Posted on RAND.org on March 14, 2016

by Michael Hochman, Medell Briggs-Malonson, Erin Wilkes, Jonathan Bergman, Lauren Patty Daskivich, Tannaz Moin, Ilanit Brook, Gery W. Ryan, Robert H. Brook, Carol Mangione

Research Questions

  1. What best practices are enabling five high-performing hospital systems—four of which serve safety-net populations—to foster a "culture of quality," in which employees follow quality guidelines, see others taking quality-focused actions, and "feel quality all around them"?
  2. How are these hospitals delivering high-quality, patient-centric care despite limited resources?

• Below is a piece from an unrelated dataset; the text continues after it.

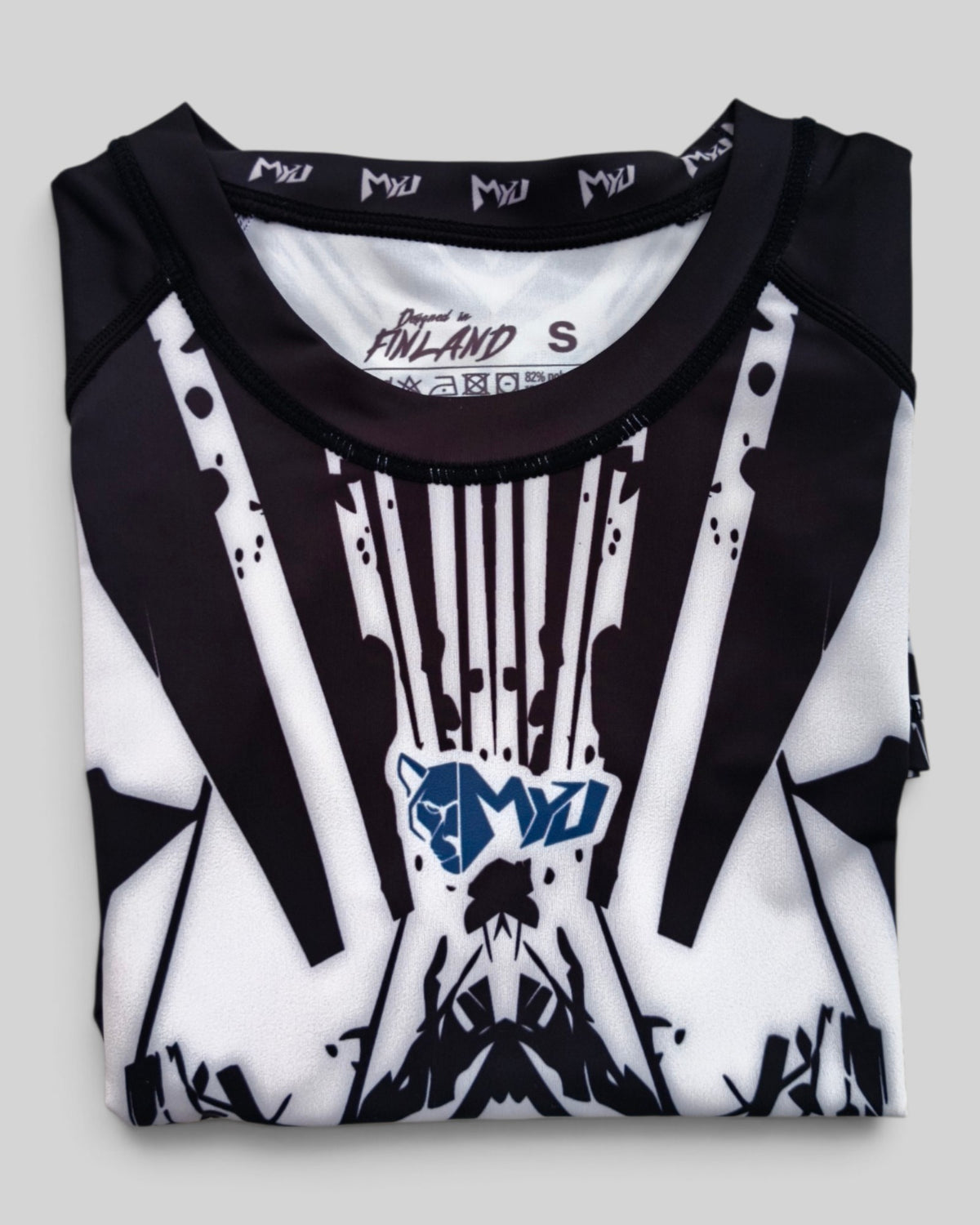MYU Ink Explosion rashguard, short-sleeve BJJ compression top with ink splatter print — back view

Following a series of high-profile quality challenges, the Martin Luther King, Jr.-Harbor (MLK-Harbor) hospital in South Los Angeles was closed in 2007. Prior to its closure, MLK-Harbor was a publicly operated hospital serving a large safety-net population in its community. As one of two major trauma centers in the area, the closure of MLK-Harbor had an immediate impact on the community and resulted in some community members seeking care at hospitals outside of their community. In 2009, the County of Los Angeles and the University of California worked together to open a new, private, non-profit hospital named the Martin Luther King, Jr. Community Hospital (MLKCH) to meet the medical needs of the community (in particular, need for access to specialty, hospital, and emergency care). To assist in this process, a team of Robert Wood Johnson Foundation Clinical Scholars worked with the MLKCH Board of Directors and conducted a series of interviews with high-performing hospital systems to identify best practices for creating and maintaining a culture of quality, including technical quality, interpersonal quality, and efficiency. A key focus of our interviews was on understanding how these institutions used resources efficiently to promote high quality, patient-centric care despite resource limitations. In this document, we summarize our findings. The hospitals we interviewed achieved a culture of quality by: 1) developing guiding principles that foster quality; 2) hiring and retaining personnel who are stewards of quality; 3) promoting efficient resource utilization; 4) developing a well-organized quality improvement infrastructure; and 5) cultivating integrated, patient-centric care. These institutions provide important lessons for MLKCH and other safety-net institutions.

Key Findings

Five organizational components were essential to the establishment and maintenance, despite limited resources, of high-quality, patient-centric health care systems:

  • Establishing an explicit shared vision, mission, and set of institutional values that foster a culture dedicated to high-quality, patient-centered care.
  • Hiring and retaining personnel—including executive leadership, physicians, nurses, and other patient-facing staff—who are stewards of quality health care.
  • Promoting efficient resource utilization and implementing management principles that emphasize rigorous problem solving and standardization of work.
  • Developing a well-organized, system-wide quality improvement infrastructure, including high-performing EHR systems, that enables effective real-time monitoring of care processes and outcomes.
  • Cultivating integrated, patient-centered care.

Recommendation

Policymakers should provide guidance and support (including, in some cases, financial resources), to help safety-net institutions develop the systems and processes necessary to deliver high-value care and become a "provider of choice" in their communities. To help safety-net institutions adopt these systems and processes, policymakers might encourage or facilitate direct guidance to these institutions from high-performing hospitals such as those studied here. Additionally, policymakers might create short-term exemptions from some of the financial penalties outlined by the Affordable Care Act for historically low-performing systems.